O zamanlar Hopa kurtarılmış bölgeydi. Dev-Genç, Dev-Sol, DHKP-C, Şeriatçılar, Ülkücüler, Maocular, Leninciler… Üniversitelerde, liselerde, hatta orta okullarda bile bu ayrışmanın var olduğunu biliyorduk ama, halka kadar indiğini bilmiyorduk. Yıl 2015. Hopa’da solculuk hâlâ devam ediyor gibi, ancak bu sefer otobüsümüzün camı kırılmadı. Önünde Yüksek İslâm Enstitüsü yazmadığı için midir yoksa solculuk devam etse de Hopa’da kayda değer değişimler mi olmuştur onu bilemiyorum.  

İsmail Yılmaz ayrıldı Hopa’da ekipten. Amcasını hastaneye kaldırmışlar, „O hastanedeyken ben gezip eğlenemem, Adana’ya gitmem lazım.“ dedi. Gelenekle ilgili bir durum. Bazı bölgelerde gelenekleri fazla abartıyoruz gibi. Düşüncesine saygı duyduk. Uğurladık İsmail‘i Adana‘ya…

Tam otelden ayrılırken yanımızda bir binada yangın çıktı. Yurt binası dediler, ölüm haberi gelmedi. Biz yolumuza devam ettik. Allah’a ısmarladık Hopa. Bembeyaz ormanların içinden ilerliyoruz. Akşamdan kar yağmış. Dağlar gelinlik giymiş gibi. Herkes otobüsün camında. Fotoğraflar çekiyoruz. Mustafa Yücel muavin koltuğundan çekiyor manzarayı. Çok güzel fotoğraflar çekmiş. Ekibin fotoğraflarını çekmek için görevlendirmiştik onları. Ekipte başka fotoğraf çekmekle görevlendirilenler de var.

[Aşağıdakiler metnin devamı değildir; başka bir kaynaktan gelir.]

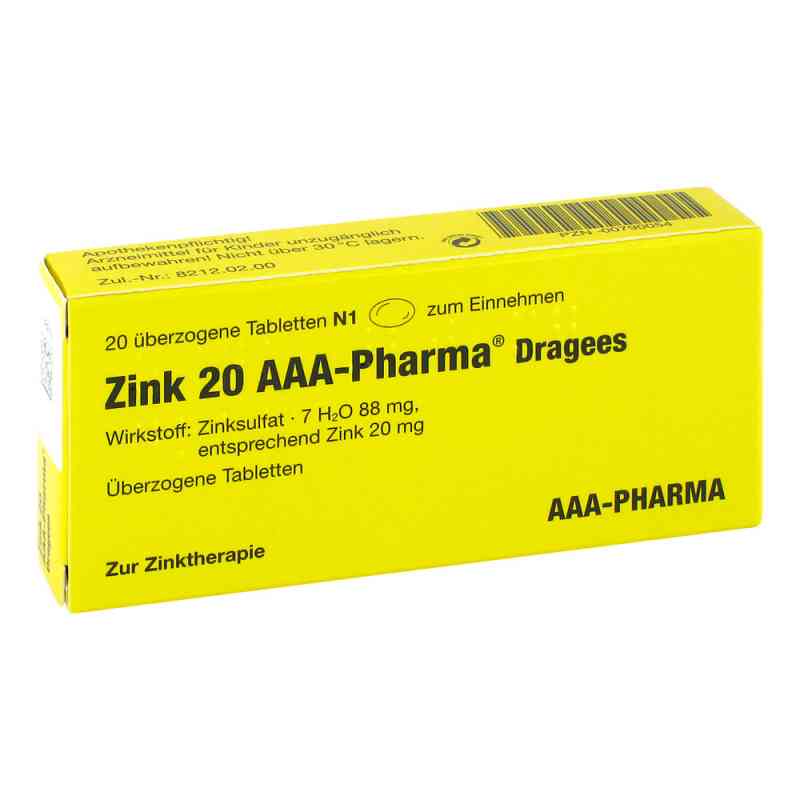 Zink 20 Aaa-pharma Dragees 20 stk von AAA - Pharma GmbH PZN 00790054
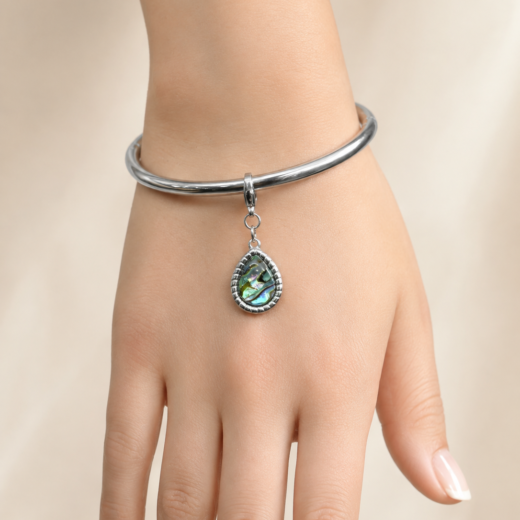 Bracelete Feminino Aço Inox 316L Liso Gota Abalone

Gülseren Şentürk, Sebahattin Bozkurt ve Yunus İnci. Ankara’dan Artvin’e kadar üç mevsim yaşadık. Her gün ayrı bir olağandışılık yaşıyoruz. Buna rağmen herkes memnun geziden. 
Rehberimiz Yasin Artvinli. Borçka‘lı. Borçka’ya gelince heyecanlandı, „İşte sağdaki görünen şu ev bizim, ben şuralarda oynardım arkadaşlarımla… şu köprüyü Ruslar yapmış.“ Borçka‘yı ikiye ayıran derenin üstünde devasa bir demir köprü. Sevincine eşlik ettik Yasin’in. Borçka üzerine sorular sorduk. Tur listesinde yoktu ama yine de orada durup bir çay içebilirdik. 




Artvin

Artvin‘i Çoruh nehri ikiye bölüyor. Dik yamaçlı uzun vadileri, 3900 metreye kadar yükselen birbiri ardına sıralanmış yüksek dağları, balta girmemiş doğal ormanları, yüksek dağların doruklarında krater gölleri, yeşil yaylaları ile çeşitli turizm değerlerini içinde barındıran otantik bir turizm beldesiymiş Artvin. Bunları Yasin söyledi ve devam etti anlatmaya:
„Artvin eski bir yerleşim yeridir. Artvin’in ismi üç bin senelik tarihi boyunca çok defa değişmiş. 1956’da Artvin olmuş. M.Ö. 3000 yıllarında Orta Asya’dan göç ile gelen Türk kavimlerinden Hurriler, Artvin’e yerleşmişler. Alparslan’ın 1071 Malazgirt Zaferine kadar Türklerin Anadolu’ya göçleri devam etmiş. 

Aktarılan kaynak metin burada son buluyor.